Qualche domanda, alcune osservazioni dei presenti.
La serata si conclude lasciando un alone che io leggo di simpatico stupore, a tratti, di destabilizzazione, sia in chi del Tai Chi Chuan sapeva solo quel che viene generalmente diffuso,  sia in chi lo pratica nei modi da cui io mi sono ben distanziato.
E stupore, voglia di comprendere ulteriormente e, magari, in modo diverso, sono due ottimi punti di partenza per un sano lavoro su di sé e per sè, sempre che lo si voglia !!.

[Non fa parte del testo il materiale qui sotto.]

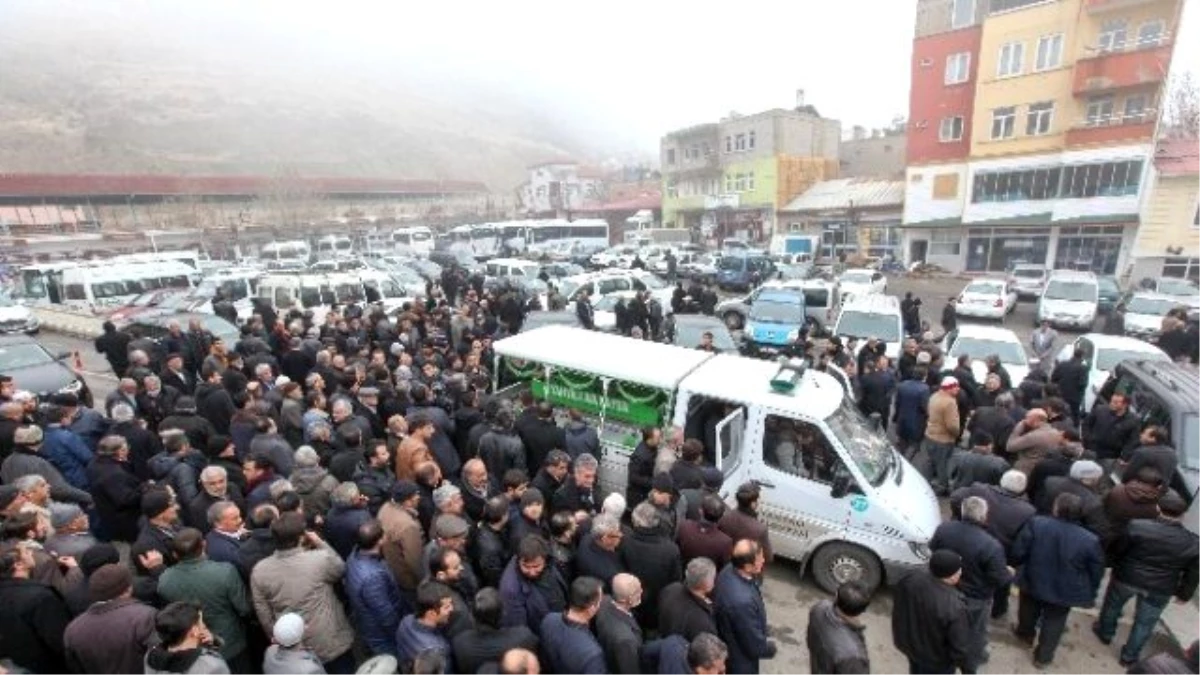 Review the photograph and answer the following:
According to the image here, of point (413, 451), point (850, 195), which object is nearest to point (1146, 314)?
point (413, 451)

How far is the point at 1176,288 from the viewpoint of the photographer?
1947 centimetres

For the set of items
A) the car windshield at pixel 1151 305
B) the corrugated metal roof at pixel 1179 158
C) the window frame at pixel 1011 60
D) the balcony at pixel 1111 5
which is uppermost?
the balcony at pixel 1111 5

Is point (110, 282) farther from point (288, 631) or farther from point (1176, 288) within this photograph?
point (1176, 288)

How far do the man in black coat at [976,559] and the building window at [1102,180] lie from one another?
29599mm

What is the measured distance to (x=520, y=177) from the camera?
Answer: 5059 inches

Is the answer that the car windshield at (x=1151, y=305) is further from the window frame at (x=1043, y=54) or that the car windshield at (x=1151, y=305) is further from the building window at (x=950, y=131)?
the building window at (x=950, y=131)

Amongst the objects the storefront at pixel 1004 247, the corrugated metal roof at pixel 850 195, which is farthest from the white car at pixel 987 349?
the corrugated metal roof at pixel 850 195

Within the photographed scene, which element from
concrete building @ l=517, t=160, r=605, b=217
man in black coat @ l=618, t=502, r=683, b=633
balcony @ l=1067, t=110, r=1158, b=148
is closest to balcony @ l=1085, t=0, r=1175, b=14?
balcony @ l=1067, t=110, r=1158, b=148

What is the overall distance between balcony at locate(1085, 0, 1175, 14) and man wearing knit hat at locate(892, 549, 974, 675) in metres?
33.2

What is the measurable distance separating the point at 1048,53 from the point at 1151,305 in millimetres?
17442

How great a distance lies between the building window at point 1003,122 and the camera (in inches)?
1141

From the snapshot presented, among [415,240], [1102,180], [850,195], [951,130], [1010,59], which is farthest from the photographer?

“Il mio corpo è il mio simbolo”


Un grazie particolare all’allievo Renato, per aver fortemente voluto questa serata, nonostante gli intoppi organizzativi; a quegli allievi che, con la loro presenza, hanno voluto testimoniare l’adesione ad un progetto formativo e guerriero a cui, evidentemente, credono e sentono loro; a chi, pur non praticando nella Scuola e tantomeno Arti Guerriere, ha voluto comunque esserci e portare il suo contributo.